From the line that holds "Datos Sistema Universitario" to the last line below, retype everything exactly and nothing else; omit pictures.
--*--
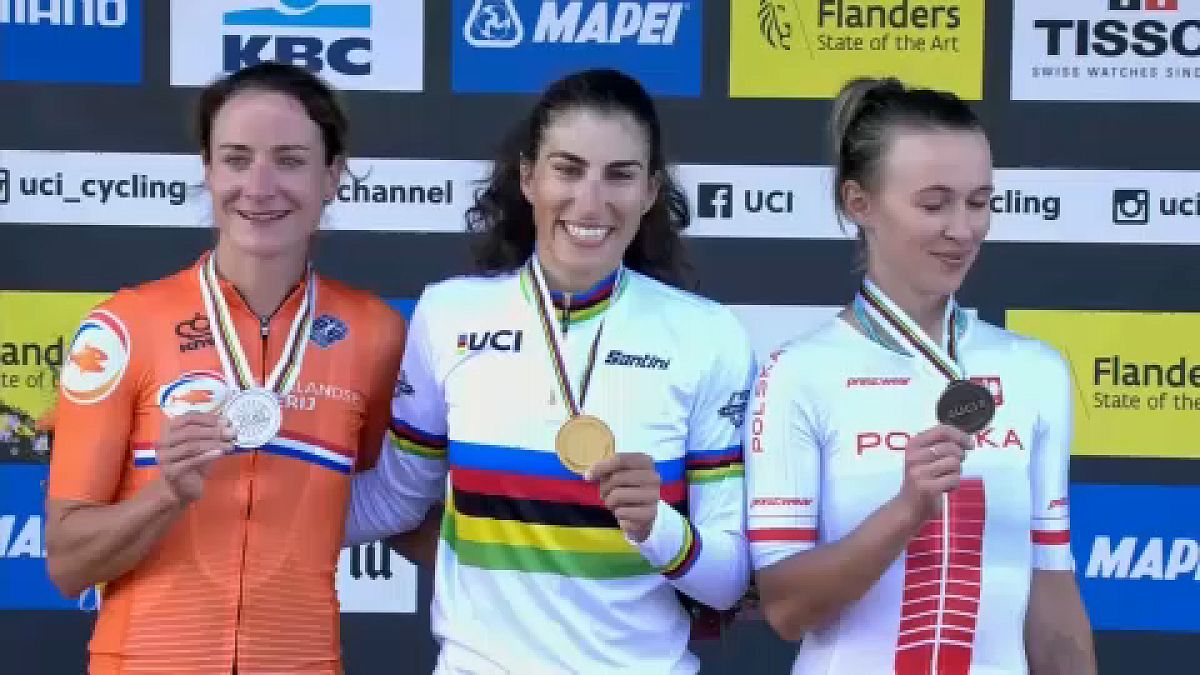  دوچرخه‌سواری جاده قهرمانی جهان؛ بالسامو ایتالیایی به برتری چهارساله زنان هلندی‌ پایان داد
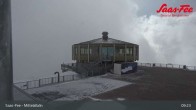 Archiv Foto Webcam Mittelallalin in Saas-Fee 08:00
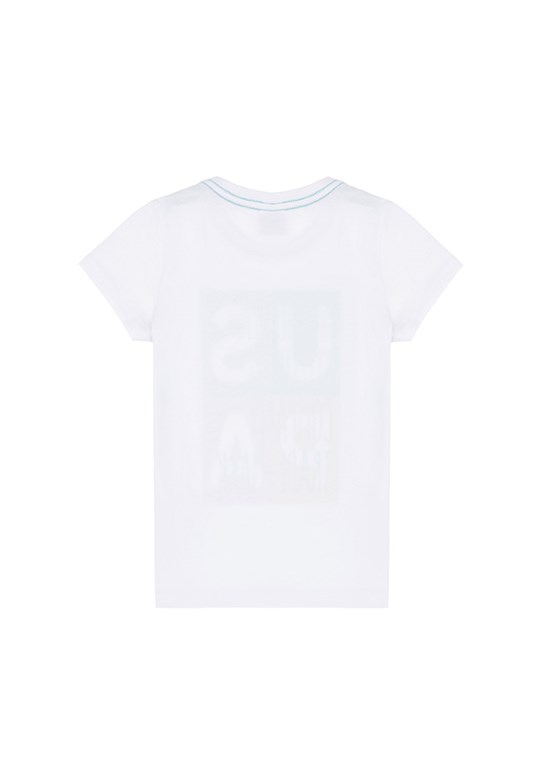 U.S. Polo Assn Beyaz Erkek Çocuk Regular T-Shirt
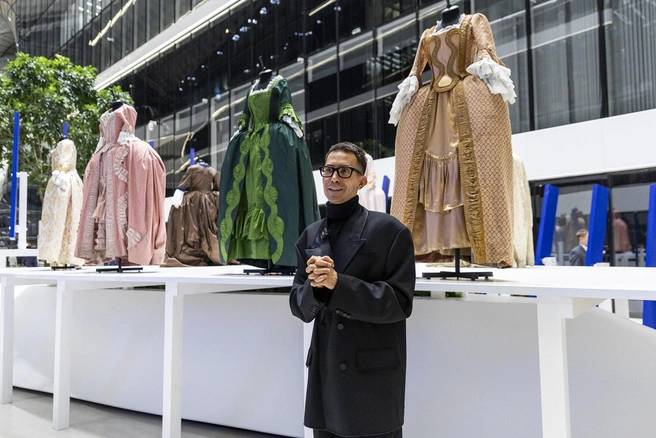 Сергей Мешалкин, автор концепции и архитектор инсталляции «Путь шедевра» | Источник: проект ПАО «Газпром» «Друзья Петербурга»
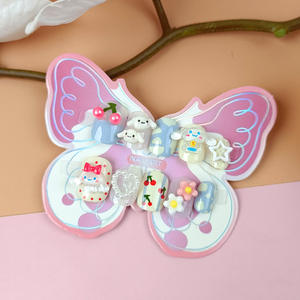 Qianya Cinnamoroll Heart Cherry Teens Press on Nails-<span class=keywords><strong>Uñas</strong></span> postizas <span class=keywords><strong>de</strong></span> dibujos animados para niñas <span class=keywords><strong>de</strong></span> 10 a 18 años, lindo conjunto <span class=keywords><strong>de</strong></span> arte <span class=keywords><strong>de</strong></span> <span class=keywords><strong>uñas</strong></span> para niños grandes - Product Image 2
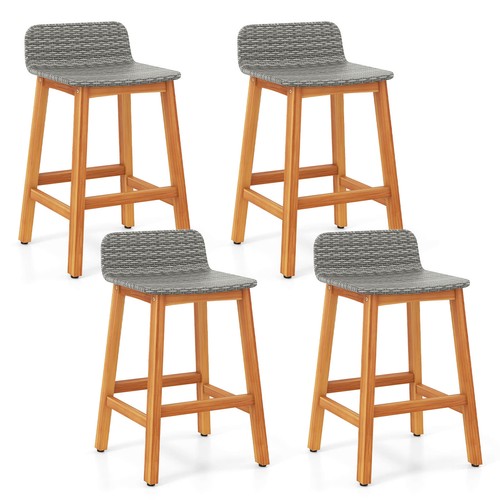 Solid acacia wood - solid, bar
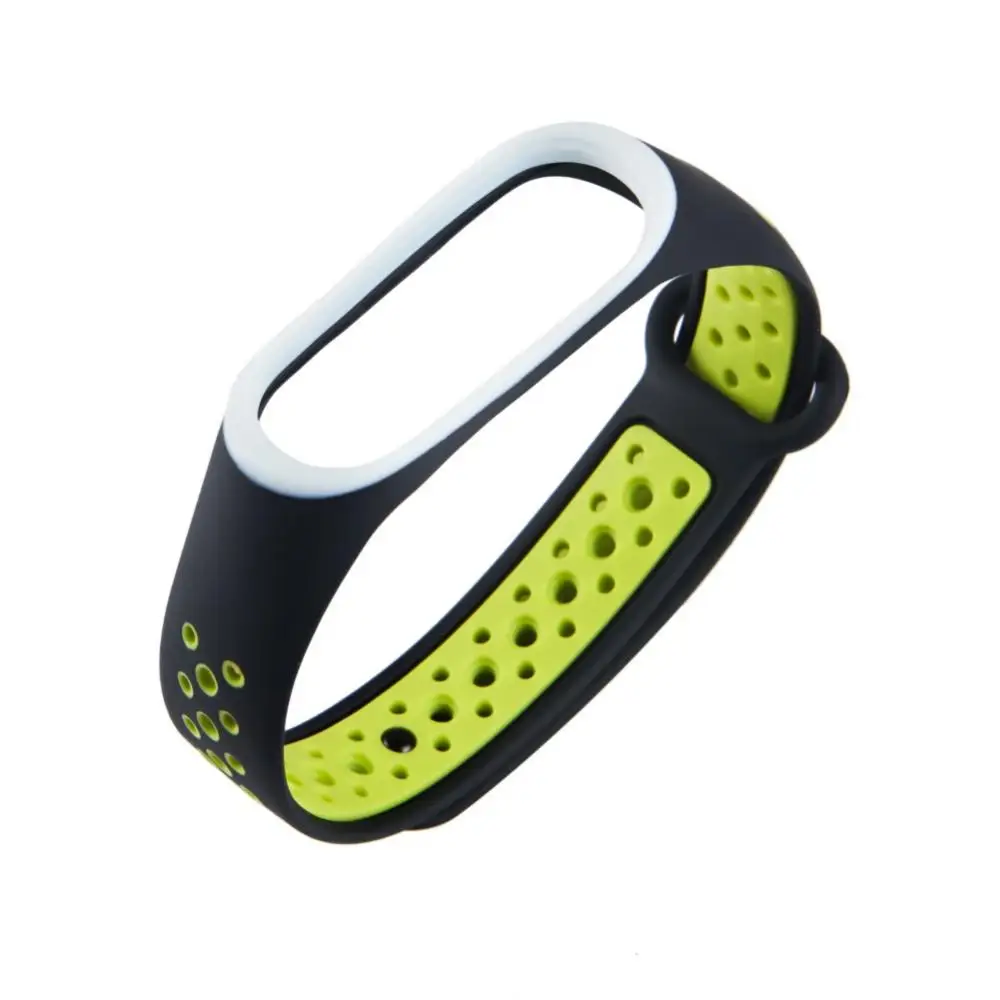 Дышащий Регулируемый смарт-браслет ремешок на запястье для Xiaomi Mi Band 3/4 носимые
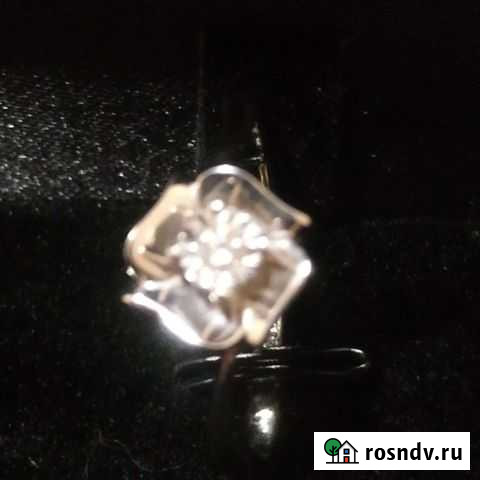Кольцо из белого золота с бриллиантом новое Тула - изображение 1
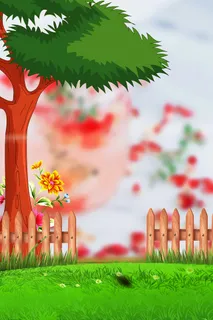 卡通儿童完美公园背景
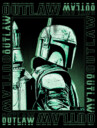 Men's Star Wars: The Book of Boba Fett Outlaw  Adult T-Shirt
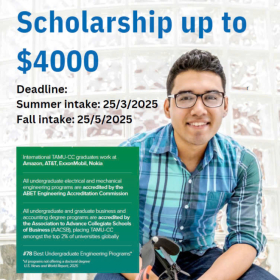 HỌC BỔNG LÊN ĐẾN 4,000$/NĂM TẠI TRƯỜNG TEXAS AM UNIVERSITY - MỸ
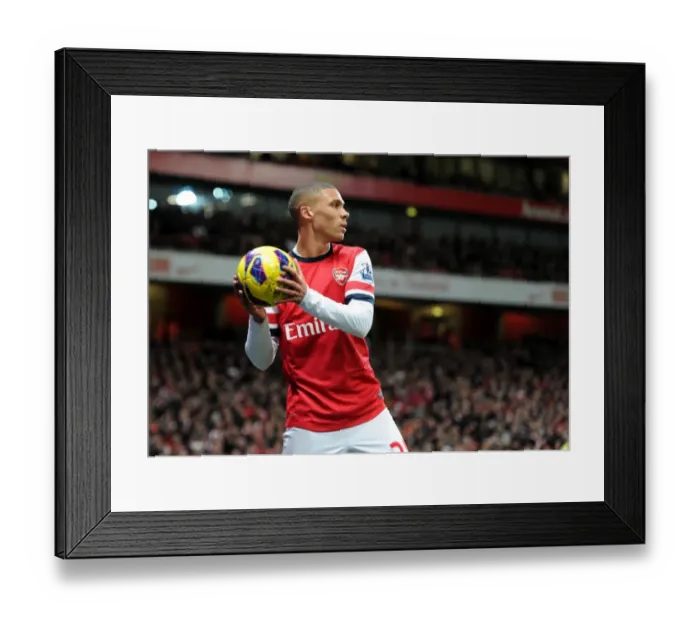 Framed Print : Kieran Gibbs (Arsenal). Arsenal 7: 3 Newcastle United. Barclays Premier League. Emirates Stadium Framed Print : Kieran Gibbs (Arsenal). Arsenal 7: 3 Newcastle United. Barclays Premier League. Emirates Stadium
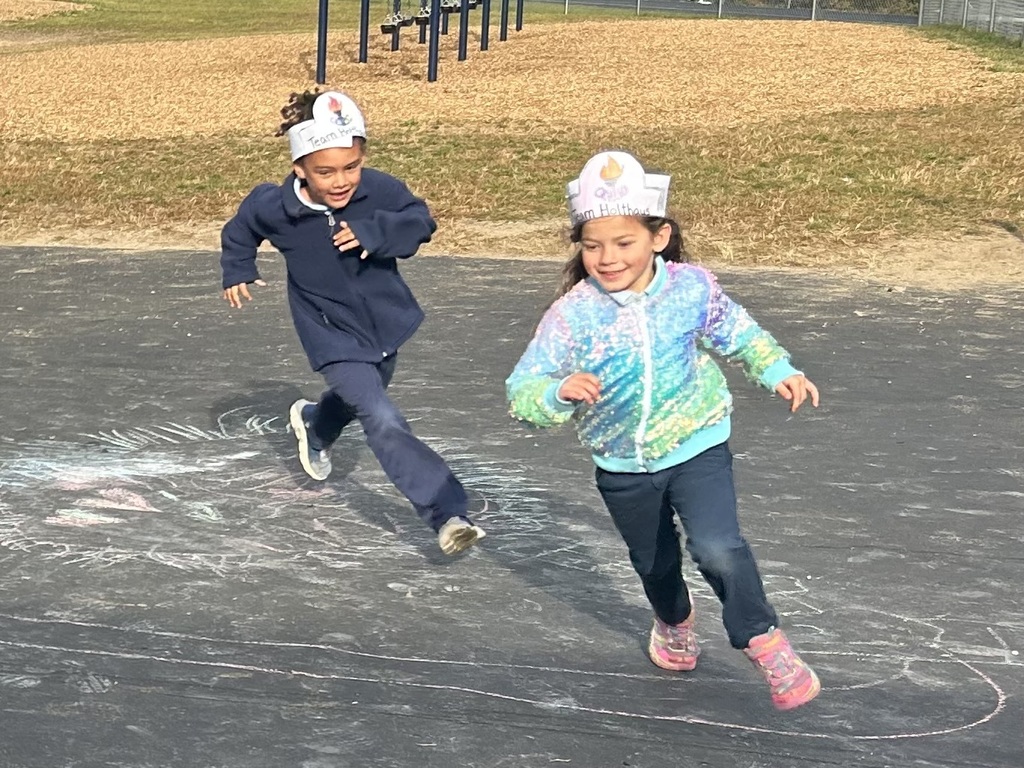 students on playground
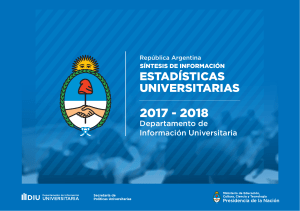Datos Sistema Universitario sintesis 2017 - 2018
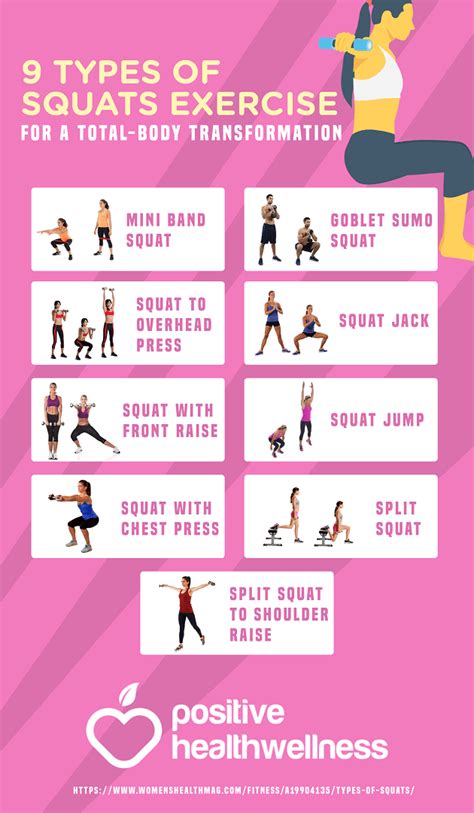 10 Squat Exercises For A Better Butt Positive Health Wellness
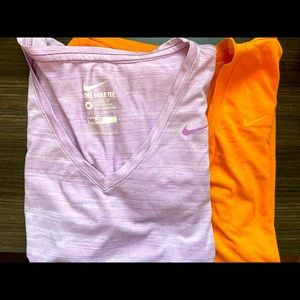 2 for 1! Women’s Nike V neck Tops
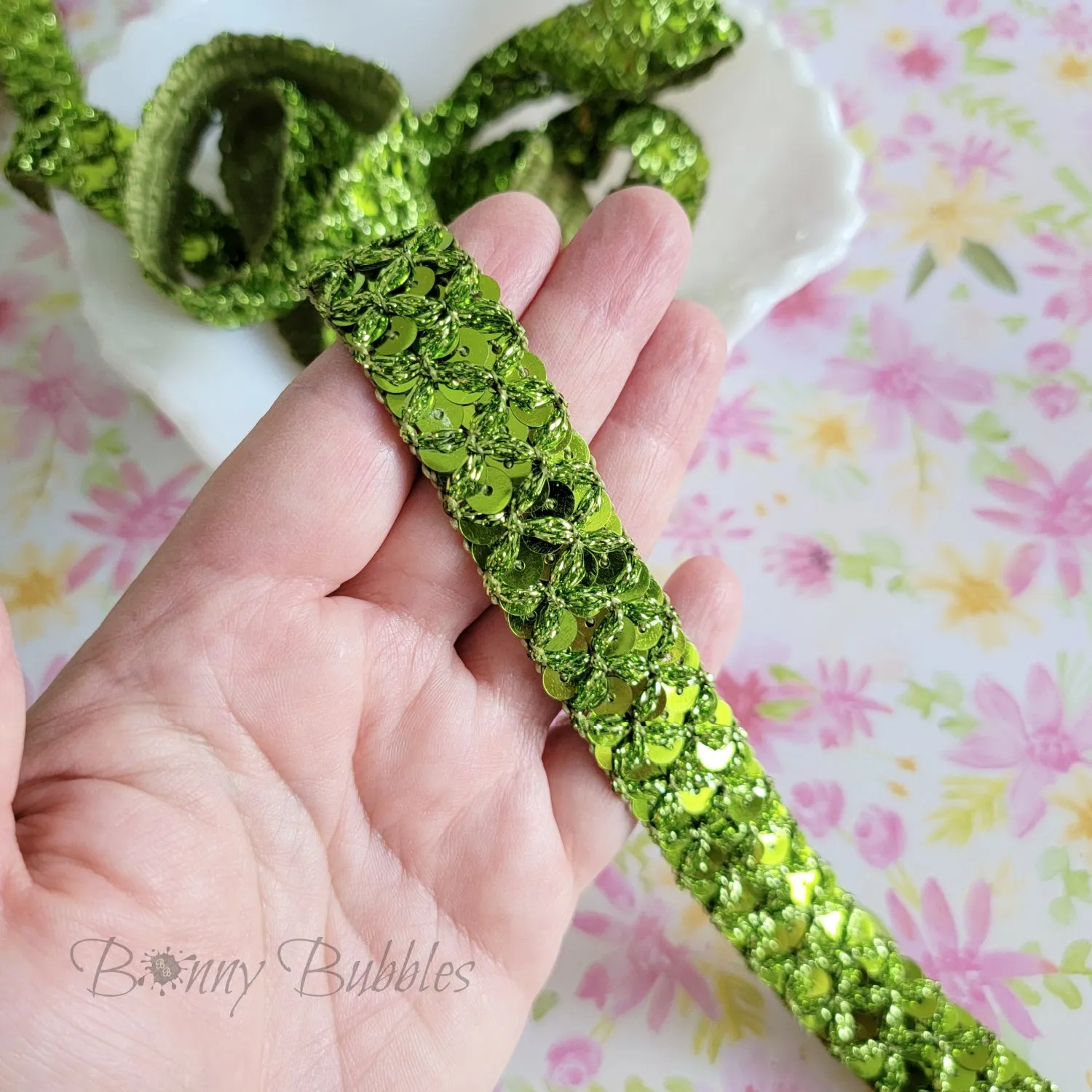 Green Sequin Trim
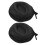 6Pcs Composite Travel Watch Cases for Men Black Soft Lined Storage Box 1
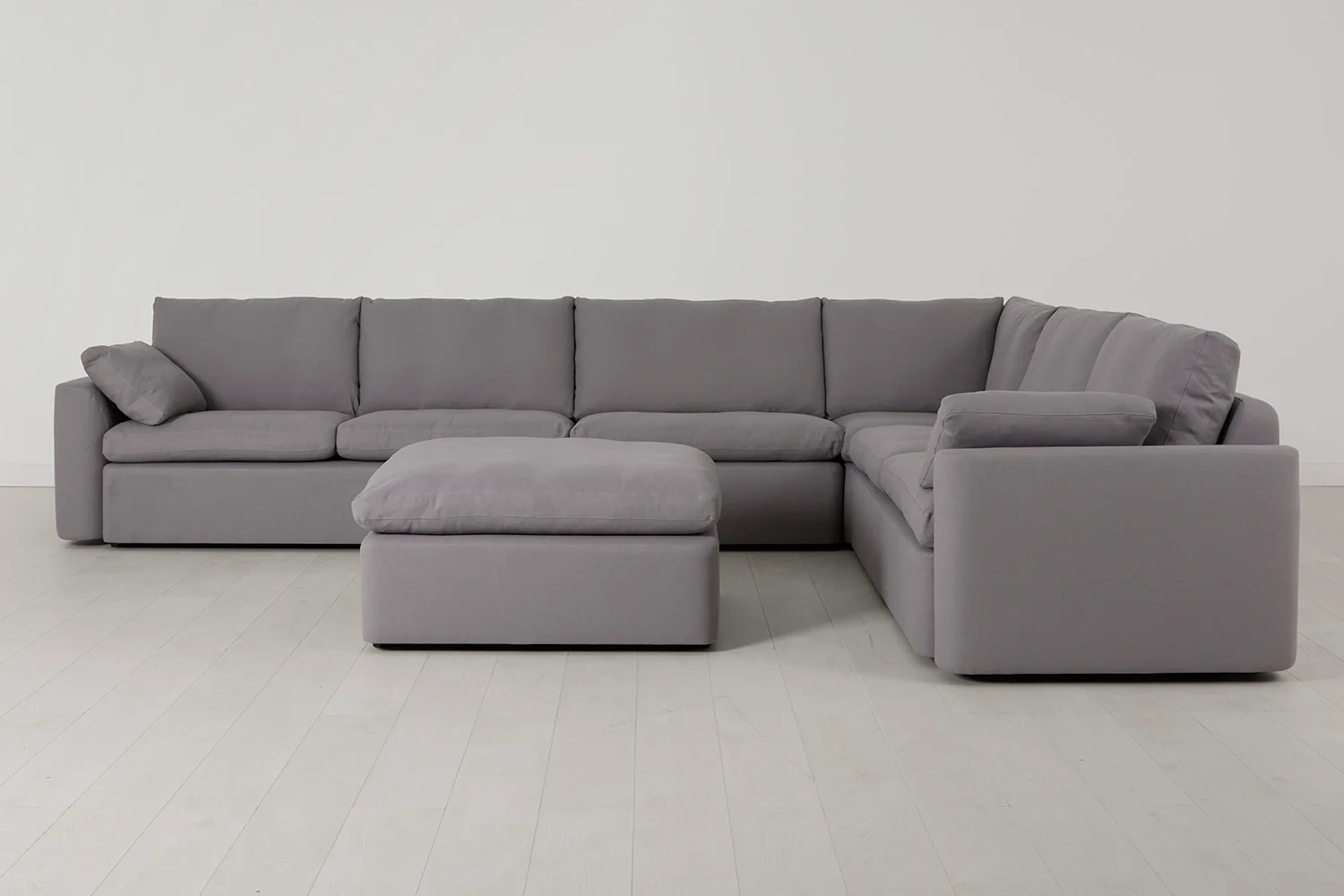 Model 13 Large Corner Sofa with Ottoman, Risso - Image 2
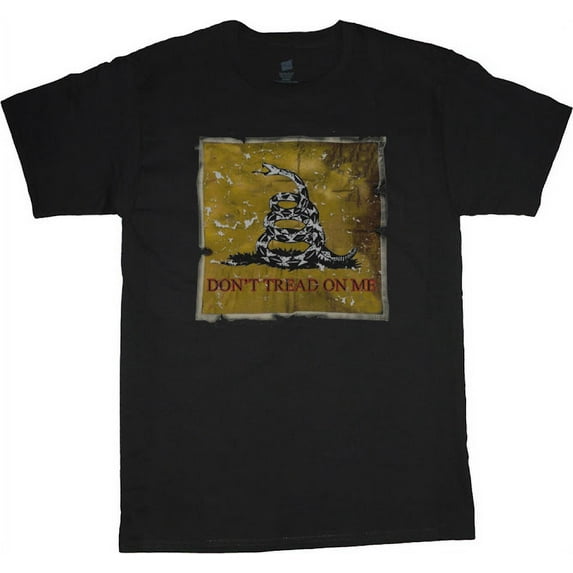 Mens Graphic Tee Don't Tread on Me Flag T-shirt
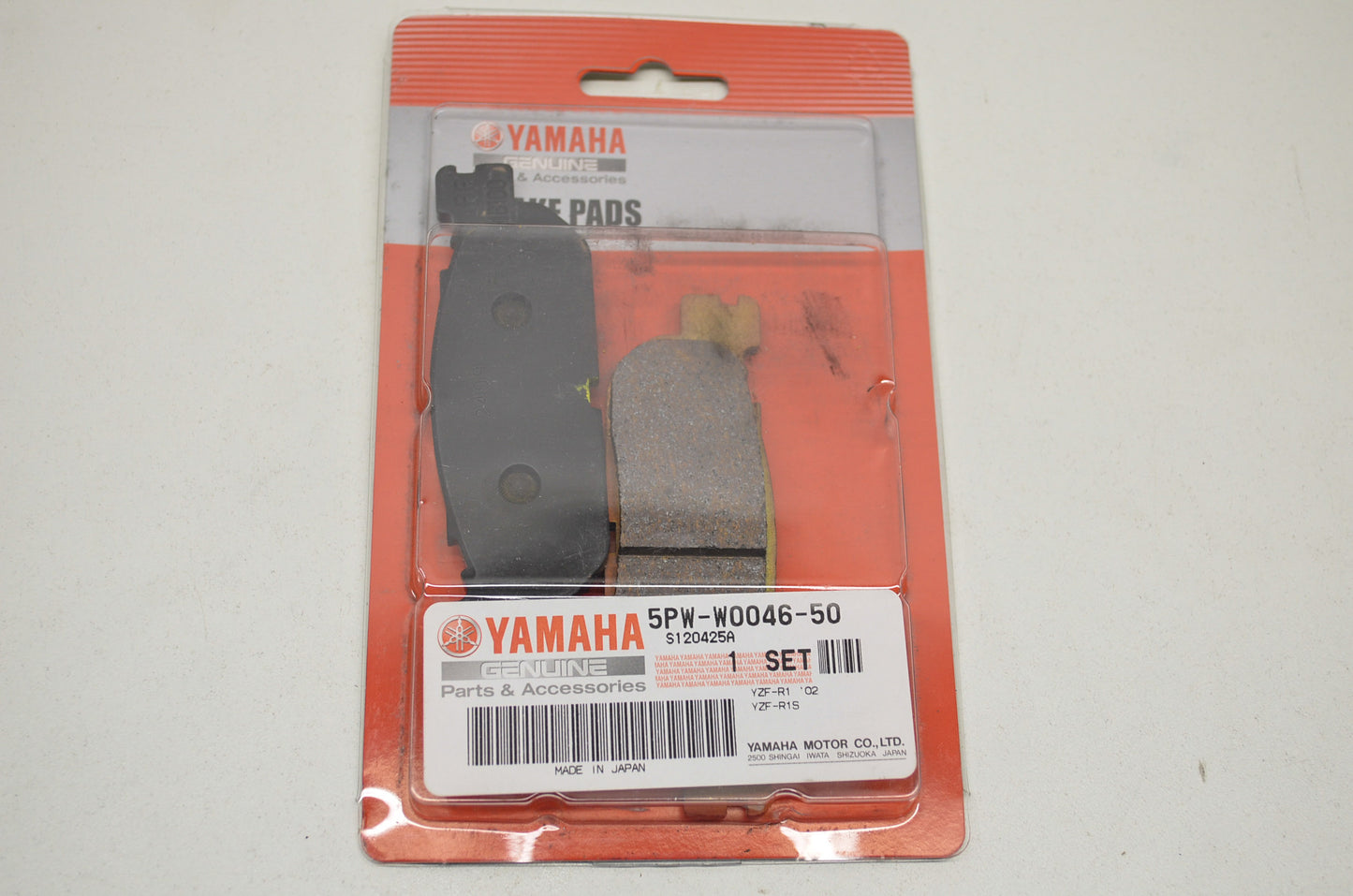 New OEM Yamaha 5PW-W0046-50-00 Brake Pad Kit 2 NOS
--*--
■ **RESULT**
Datos Sistema Universitario sintesis 2017 - 2018
 10 Squat Exercises For A Better Butt Positive Health Wellness
 2 for 1! Women’s Nike V neck Tops
 Green Sequin Trim
 6Pcs Composite Travel Watch Cases for Men Black Soft Lined Storage Box 1
 Model 13 Large Corner Sofa with Ottoman, Risso - Image 2
 Mens Graphic Tee Don't Tread on Me Flag T-shirt
 New OEM Yamaha 5PW-W0046-50-00 Brake Pad Kit 2 NOS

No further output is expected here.